Part of the allure of property as an asset class is that with every dollar of your own capital and an 80% mortgage loan, you can pretend you own 100% of the property. So, if borrow $80 to finance your property and the price of the property rises by 10% over a year, you earn a windfall profit of $10 (10% x $100). And you can brag to your friends that you made return of 50% ($10 over your own capital of $20) in just one year.
Leverage or borrowing money to own an asset is the name game in property. Of course, borrowed money has to be repaid (with interest). There are also other costs of owning a property. If it’s a condo, there are regular maintenance fees to pay. And don’t forget, you also have to pay property tax. These costs must be accounted before you can say for sure that your property has been a great investment. From my experience, few property owners actually do these sums to calculate the net return of their property investment.
So, how good an asset class is property versus other asset classes? In this blog, I will revisit history to answer this question.
The URA has been tracking the median prices of all private residential properties in Singapore since 1975. I use this index to compile historical annual returns from 1975 to 2016. These returns are percentage price changes (i.e., income from rents are excluded). You can find the data in this spreadsheet.
Since property and stock prices are both strongly dependent on the economy, I also show the returns from the local stock market side-by-side with property.
FTSE Russell has partnered with the Singapore Exchange (SGX) and Singapore Press Holdings (SPH) to come up with a series of stock market indices tracking different segments of the market. I use the most comprehensive of these indices, the FTSE-ST All-Share Index to compute annual returns. These returns do not include dividends.
There are two worksheets in the spreadsheet. The first worksheet records the annual nominal and real returns of property and stocks. Nominal returns are not adjusted for inflation, while real returns subtract inflation from nominal returns. I use the Consumer Price Index inflation compiled by the Department of Statistics (www.singstat.gov.sg) to measure inflation. To summarize a long time series of data, I report average returns.
The second spread (“Net Property Returns”) deducts loan repayments (interest and principal) from the annual property values. This worksheet assumes that in 1975, you put $2,000 down as the deposit for buying a property that costs $10,000. The difference of $8,000 is financed by a 30-year mortgage loan (hence the calculations end in 2004). The example also assumes an interest rate of 2% for the property loan and that loan repayment is annual rather than monthly as is the usual practice (this should not make a big difference to the calculations).

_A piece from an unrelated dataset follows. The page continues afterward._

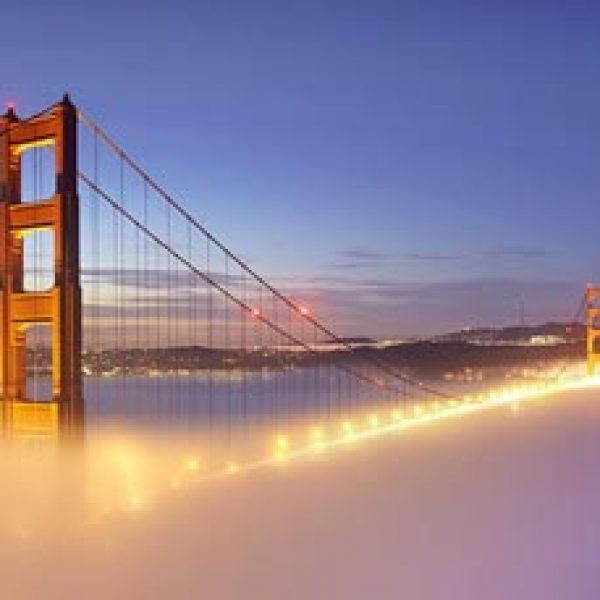 Travel Channel San Fran Sweepstakes!
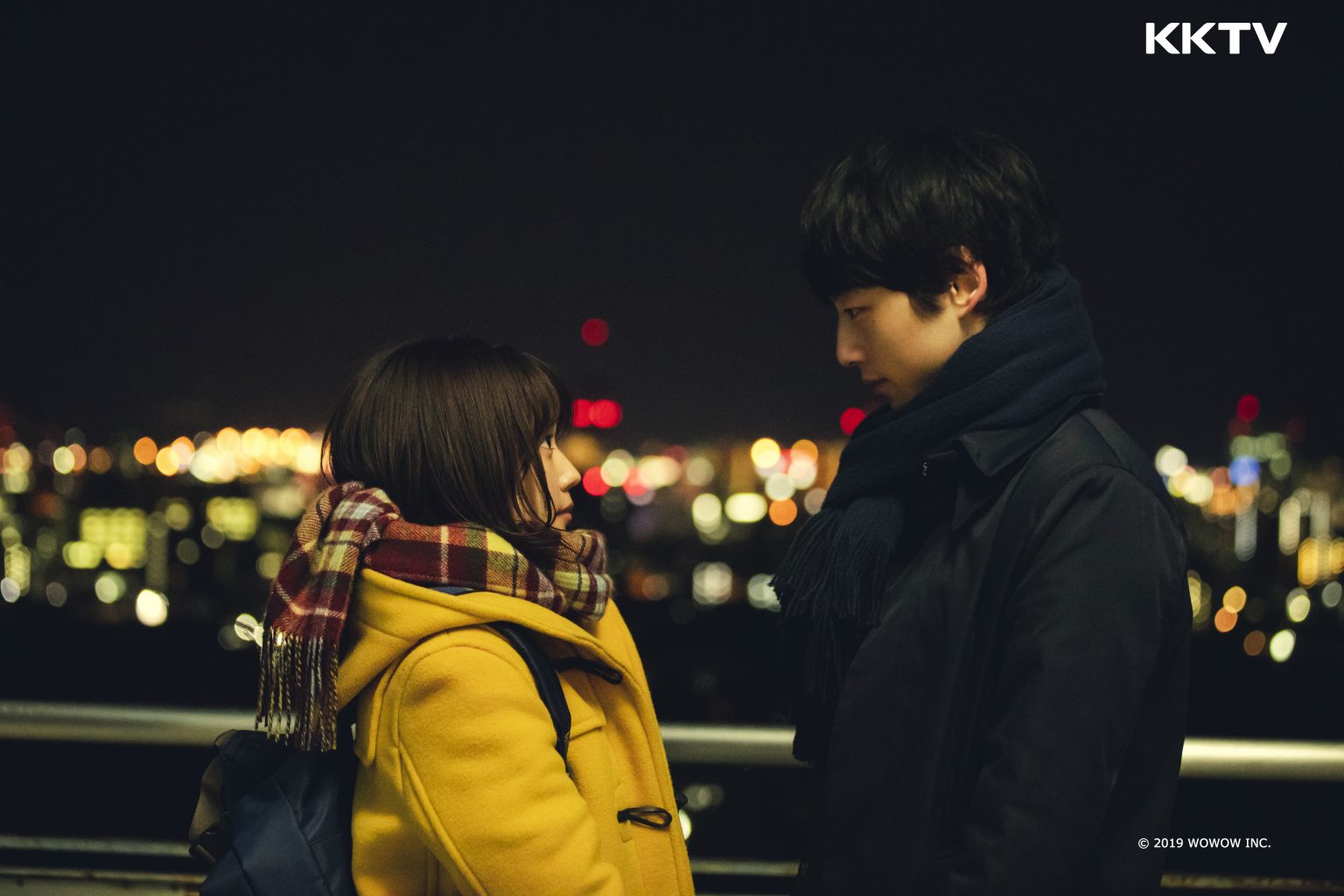 然後 活下去 劇照5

Bottom line: first, in terms of real returns, stocks have been a better investment than property though I can’t say for sure that history will repeat this pattern. Second, in terms of net returns on property (i.e., after accounting for the benefits and costs of leverage), stocks again come out ahead of property. The popular perception that leverage makes property a superior asset class to stocks do not quite square with the facts.